- **PROBLEM TO WORK ON**: Pictures are not part of the answer. Return the lines from the one containing "товаров для рукоделия" through the end of the data, both included, exactly as they appear.

- **THE DATA**:
---

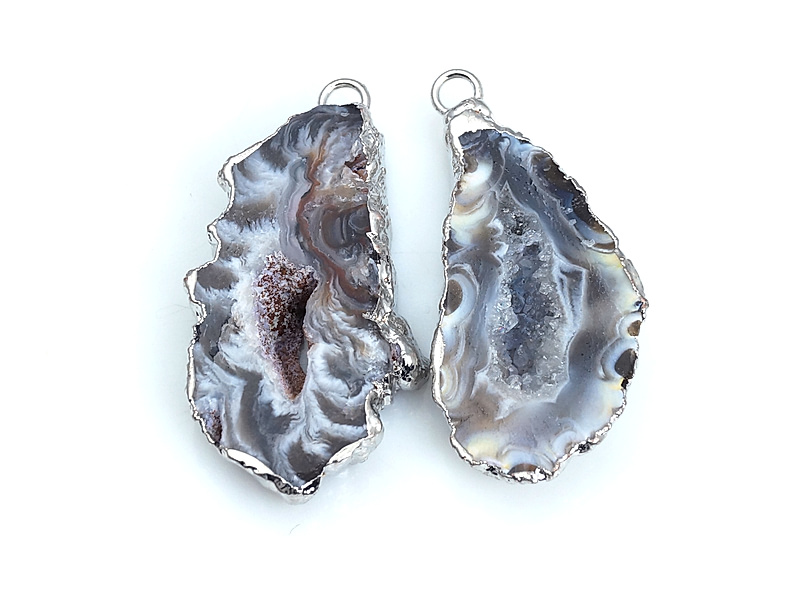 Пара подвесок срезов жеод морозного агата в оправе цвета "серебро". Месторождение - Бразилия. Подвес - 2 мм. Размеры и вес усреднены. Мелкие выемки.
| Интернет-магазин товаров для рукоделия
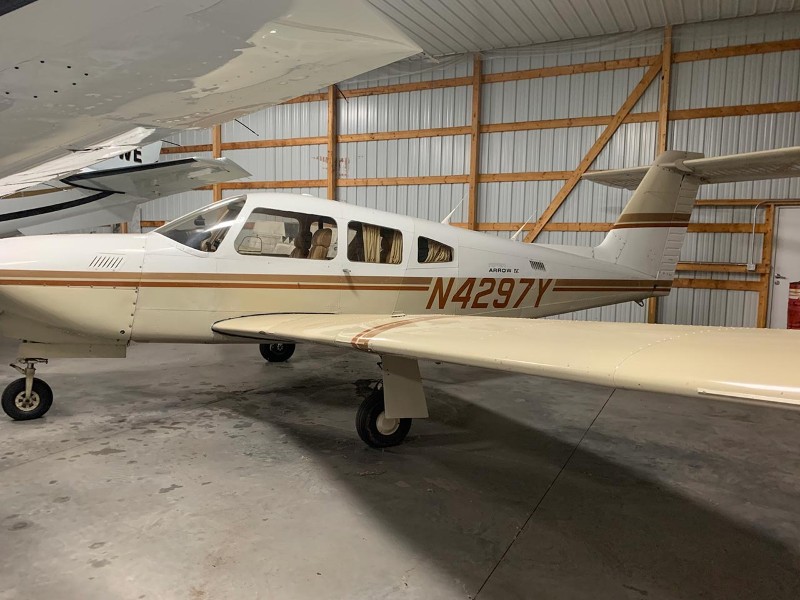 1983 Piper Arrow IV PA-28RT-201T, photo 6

---

- **OUTPUT FOR THIS EXERCISE**:
| Интернет-магазин товаров для рукоделия
 1983 Piper Arrow IV PA-28RT-201T, photo 6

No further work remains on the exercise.